▸ **Your task**
An exact transcription of the entries is required, with no images included.
*** Opening Records supplied ***
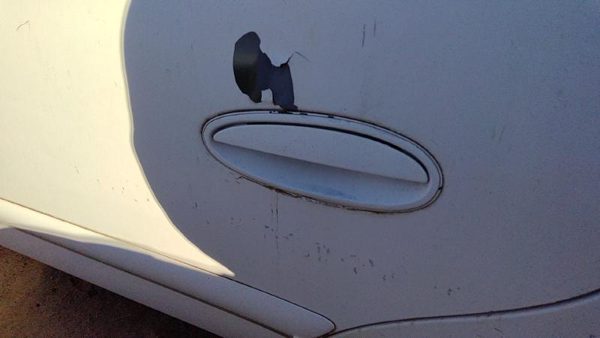 1997-2005 Buick Century Driver Left Rear Outside Door Handle Oem Back White — photo 4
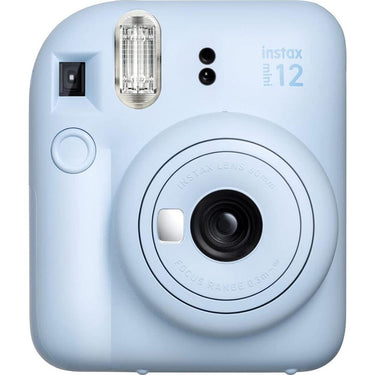 Fujifilm Instax Mini 12 Instant Camera, Pastel Blue (16806248) - Open Box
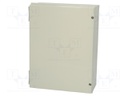 Enclosure: wall mounting; X: 320mm; Y: 420mm; Z: 150mm; NEO; ABS; grey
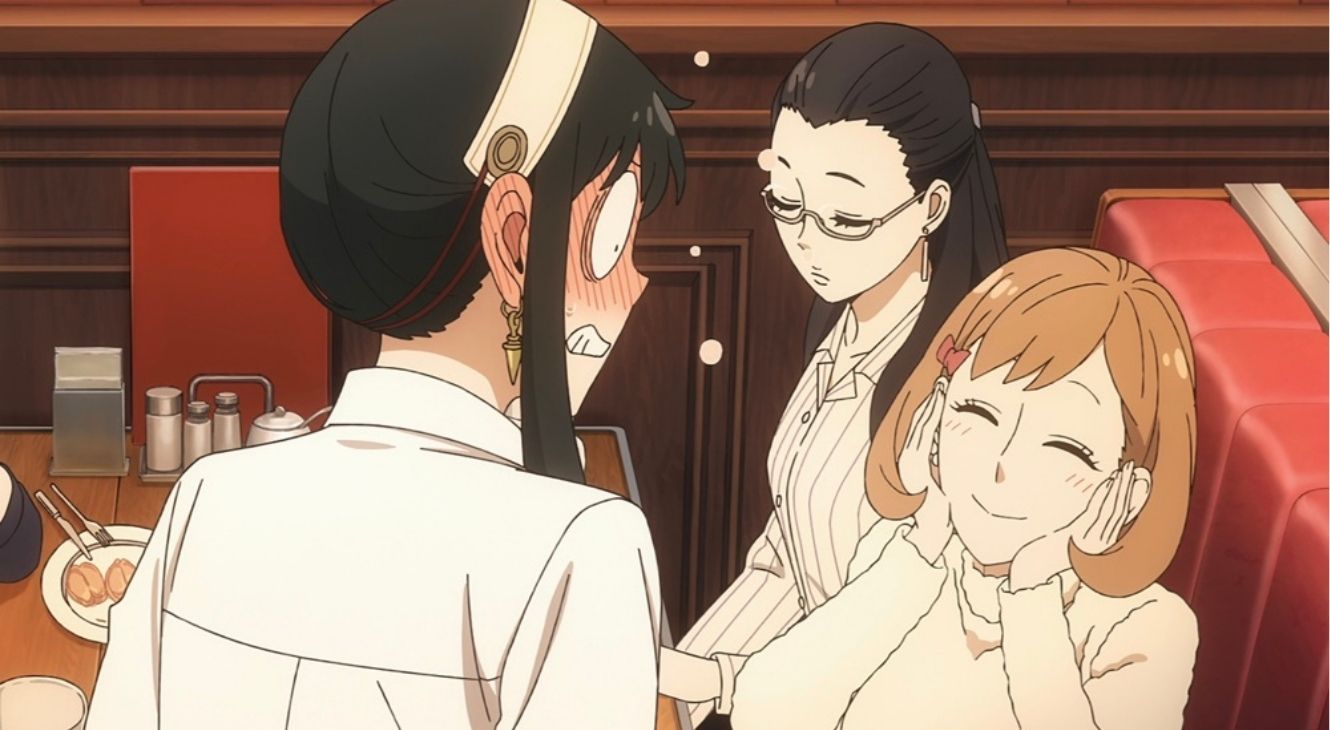 Yor in Spy x Family Season 3 Episode 10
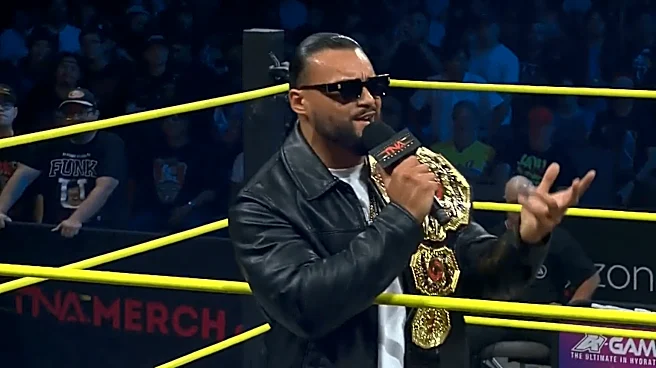 Mike Santana will defend the TNA world title against two former champions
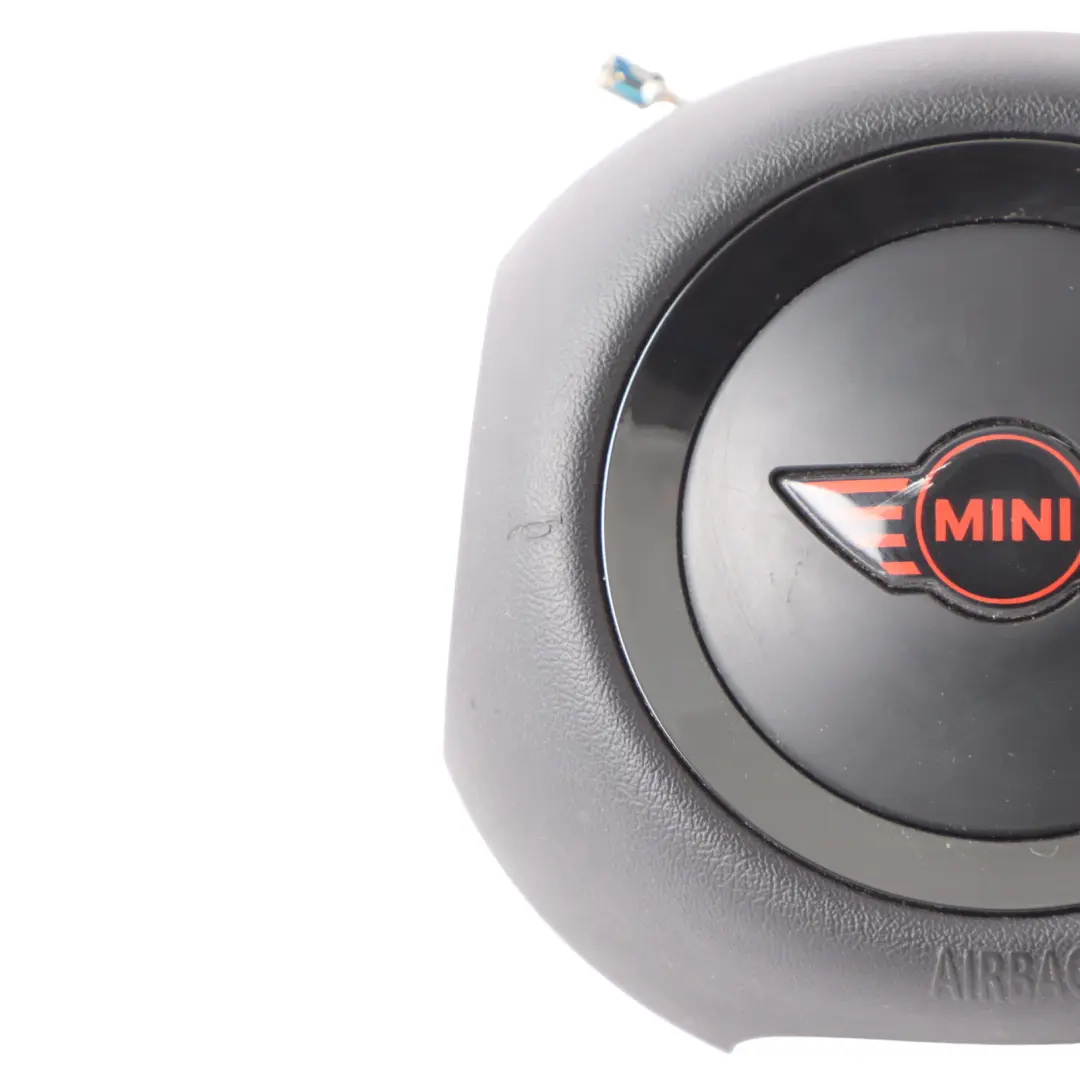 Mini Cooper R55 R56 LCI Steering Wheel Driver's Sports Air Module Black 6791373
*** Closing Records supplied ***
▸ **Answer space**
 1997-2005 Buick Century Driver Left Rear Outside Door Handle Oem Back White — photo 4
 Fujifilm Instax Mini 12 Instant Camera, Pastel Blue (16806248) - Open Box
 Enclosure: wall mounting; X: 320mm; Y: 420mm; Z: 150mm; NEO; ABS; grey
 Yor in Spy x Family Season 3 Episode 10
 Mike Santana will defend the TNA world title against two former champions
 Mini Cooper R55 R56 LCI Steering Wheel Driver's Sports Air Module Black 6791373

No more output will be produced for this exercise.